Bruce Mau

Biography
Bruce Mau studied at the Ontario College of Art & Design in Toronto, but left prior to graduation in order to join the Fifty Fingers design group in 1980. He stayed there for two years, before crossing the ocean for a brief sojourn at Pentagram in the UK. Returning to Toronto a year later, he became part of the founding triumvirate of Public Good Design and Communications. Soon after, the opportunity to design Zone 1|2 presented itself and he left to establish his own studio, Bruce Mau Design, Inc. Bruce remained the design director of Zone Books until 2004 since that first publication, to which he has added duties as co-editor of Swerve Editions, a Zone imprint. From 1991 to 1993, he also served as Creative Director of I.D. magazine.
In 1995, Bruce Mau received considerable attention for the award-winning and critically acclaimed S,M,L,XL. Designed and conceived by Bruce Mau and Rem Koolhaas, the 1300-page compendium of projects and texts was generated by Pritzker Prize-winning Rem Koolhaas' Office for Metropolitan Architecture.
From 1996 to 1999 Bruce Mau was the Associate Cullinan Professor at Rice University School of Architecture in Houston. He has also been a thesis advisor at the University of Toronto's Faculty of Architecture, Landscape & Design; artist in residence at California Institute of the Arts; and a visiting scholar at the Getty Research Institute in Los Angeles. He has lectured widely across North America and Europe, and currently serves on the International Advisory Committee of the Wexner Center in Columbus, Ohio.
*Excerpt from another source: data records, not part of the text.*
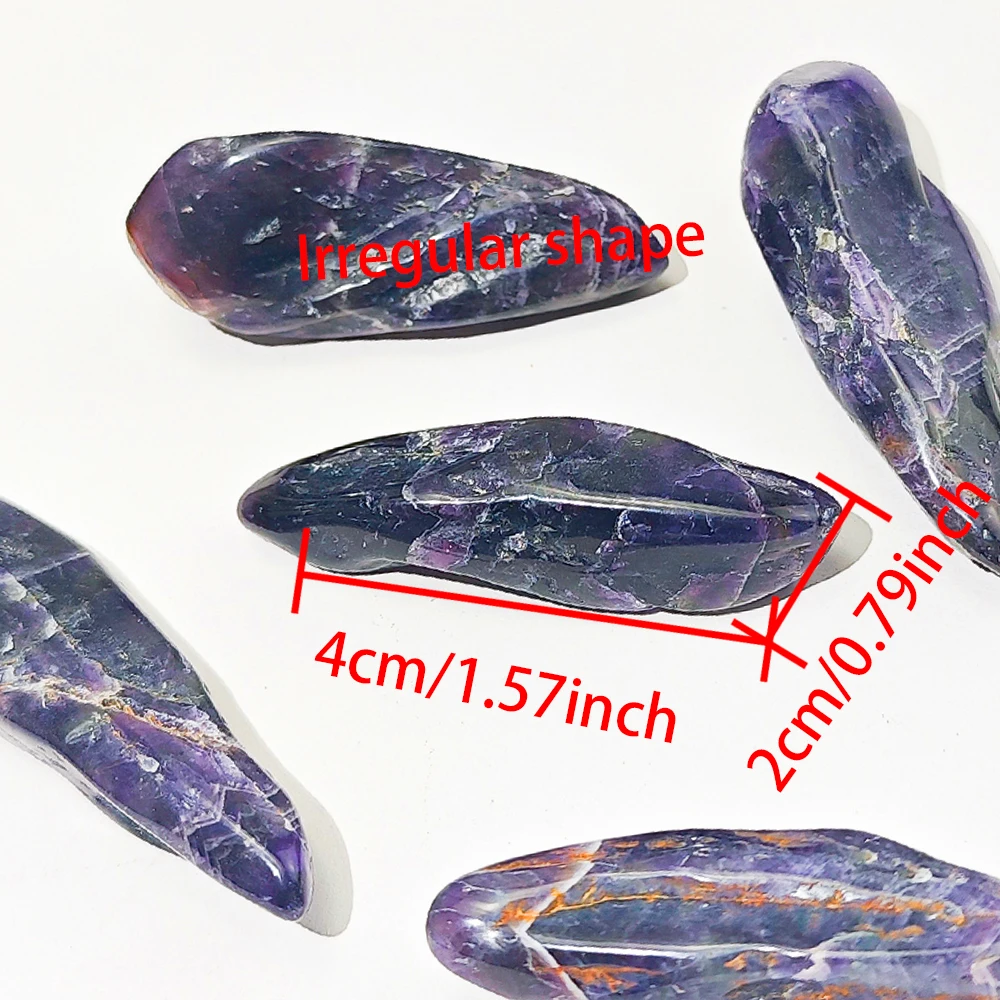 Natural purple tooth stone raw stone mineral crystal specimen strip interior decoration ornamental stone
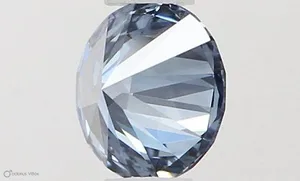 0.32ct ROUND Fancy Vivid Blue VVS1 Coloured Lab diamond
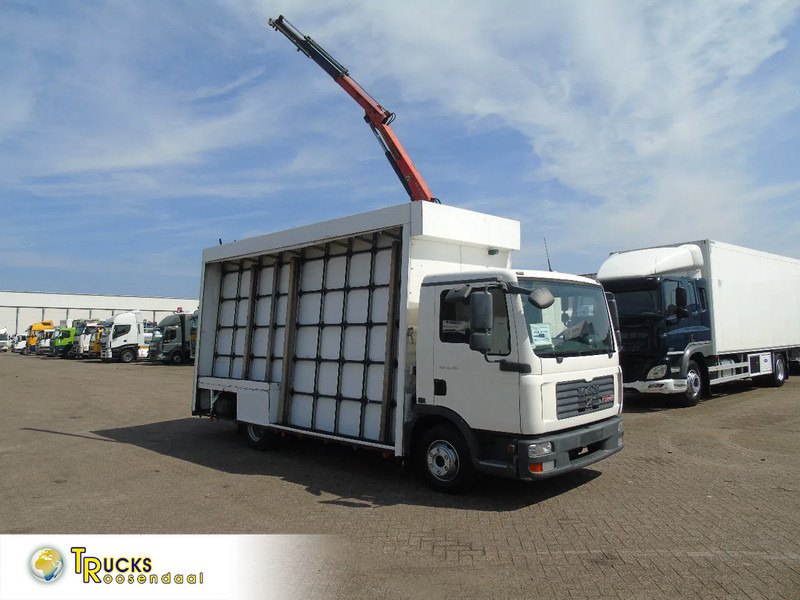 MAN TGL 8.180 + PALFINGER + GLASS TRUCK + MANUAL - Грузовик, Автоманипулятор: фото 1 MAN TGL 8.180 + PALFINGER + GLASS TRUCK + MANUAL - Грузовик, Автоманипулятор: фото 1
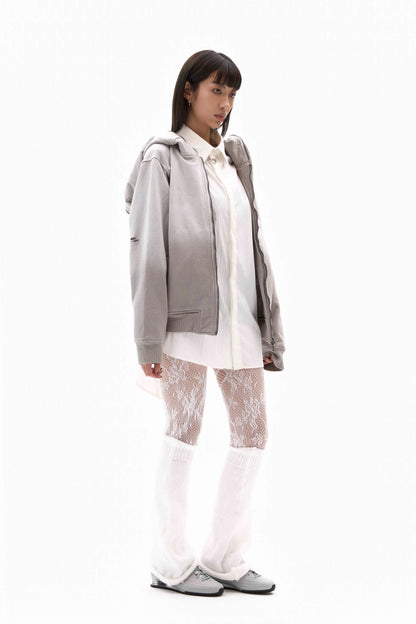 ALLENKO3 - SHELL 3.0 Armor Hoodie - White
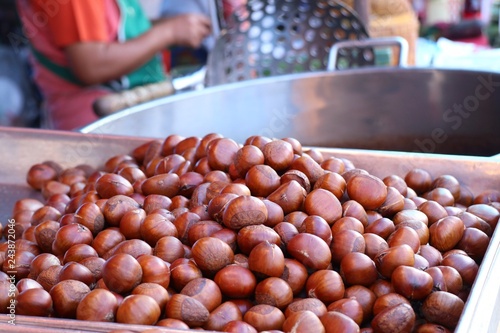 chestnuts seed at street food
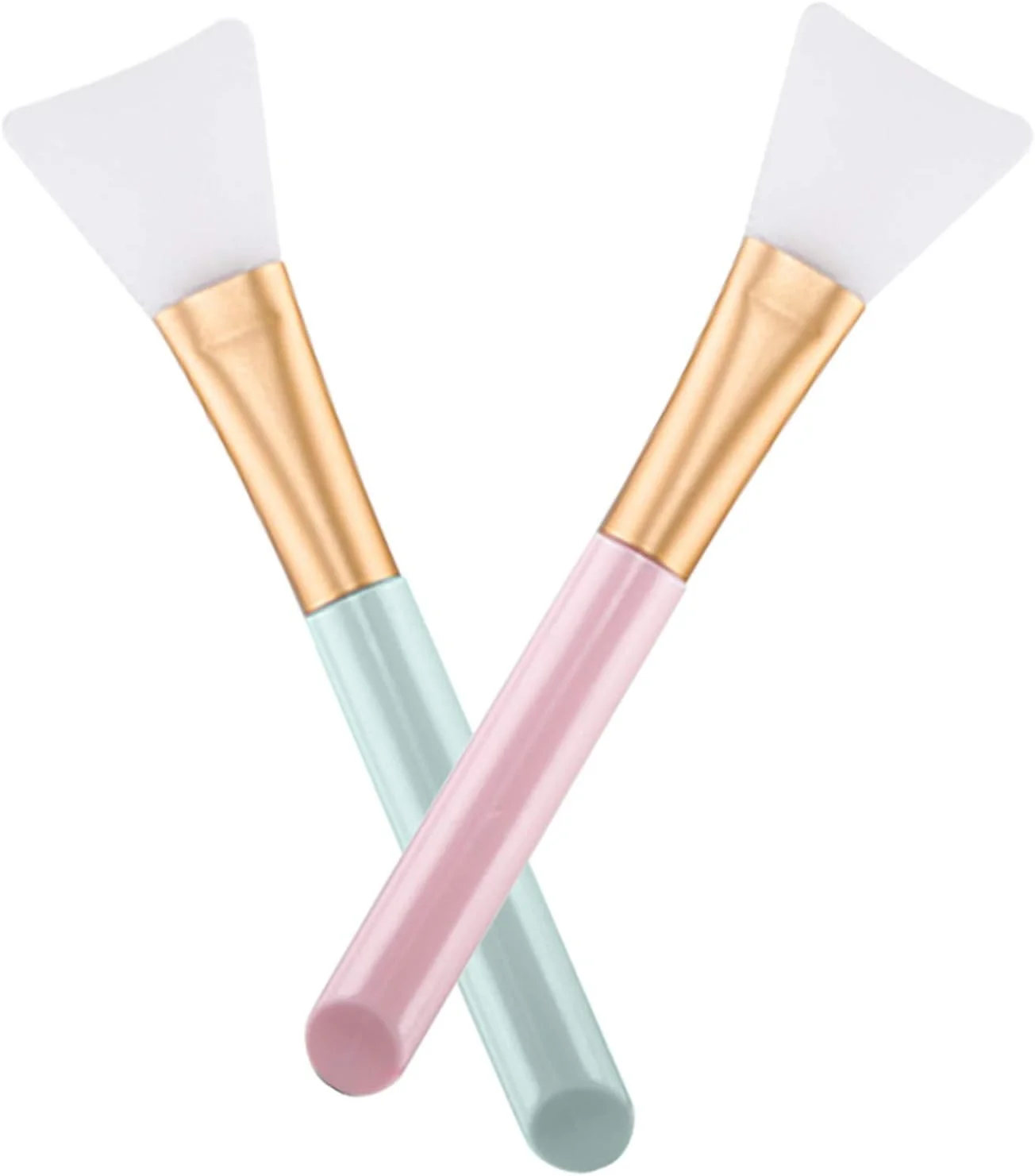 اوپیکسی، 2 عدد برس ماسک صورت سیلیکونی، ابزار زیبایی ماسک، برس نرم سیلیکونی برای ماسک گِل صورت، ابزار بدون مو برای لوسیون بدن و کره بدن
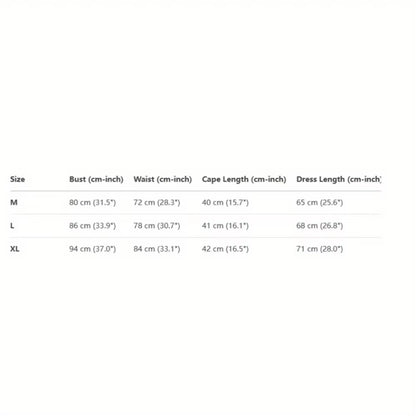 Enchanting Winter Christmas Elf Dress with Cape - Ideal for Holiday Parties & Festive Celebrations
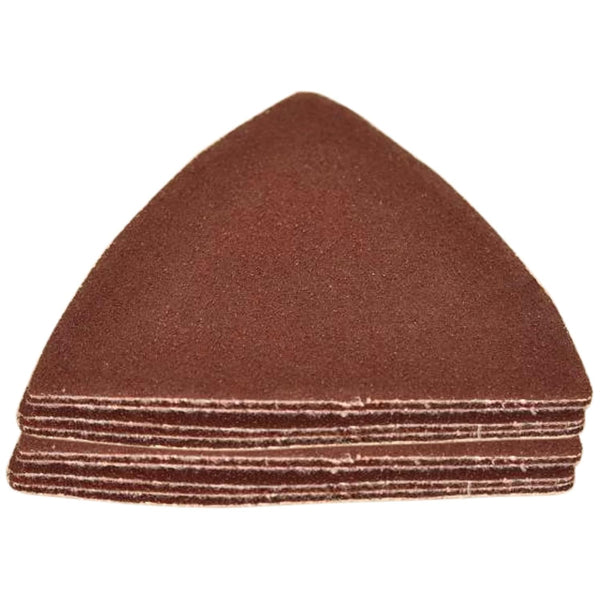 80 Grit Triangular Multitool Sandpaper 80mm for Wood Sanding, Pack of 20, Fit 3-1/8 Inch Oscillating Multi Tool Pads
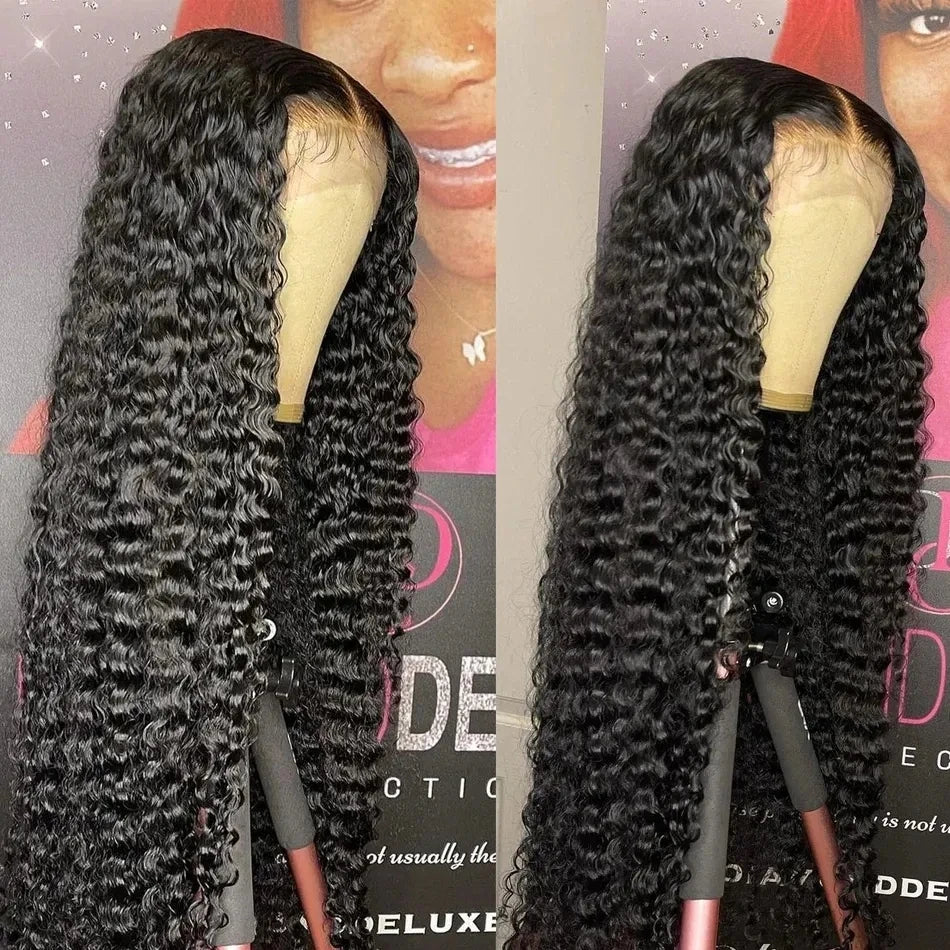 Deep Wave Lace Front Wig — product view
In addition, Bruce is an Honorary Fellow of the Ontario College of Art and Design and a member of the Royal Canadian Academy of Art. He was awarded the Chrysler Award for Design Innovation in 1998, and the Toronto Arts Award for Architecture and Design in 1999. In 2001 he received an Honorary Doctor of Letters from the Emily Carr Institute of Art + Design.
Building on the practice of learning by doing, Bruce Mau founded the Institute without Boundaries in 2003, a studio-based postgraduate program in partnership with George Brown - Toronto
City College. The IwB, formed out of the conviction that the future demands a new breed of designer, became the engine to produce Massive Change, an ambitious, multi-venue exhibition on the possibilities of design culture. Massive Change is also a book, an online forum, an education model as well as a Visionaries Symposium. The Massive Change exhibition opened to critical acclaim at the Vancouver Art Gallery in 2003, and has since toured to the Art Gallery of Ontario and the Museum of Contemporary Art in Chicago.
The objective of Massive Change is to start a global movement of people committed to supporting a new vision of sustainable life on the planet. Envisioned as a collective project, Massive Change has become the optimistic design engine for the Bruce Mau Design practice. Well respected for broadening the idea of design, Bruce has worked with countries, such as Guatemala and Denmark to envision the future of their country.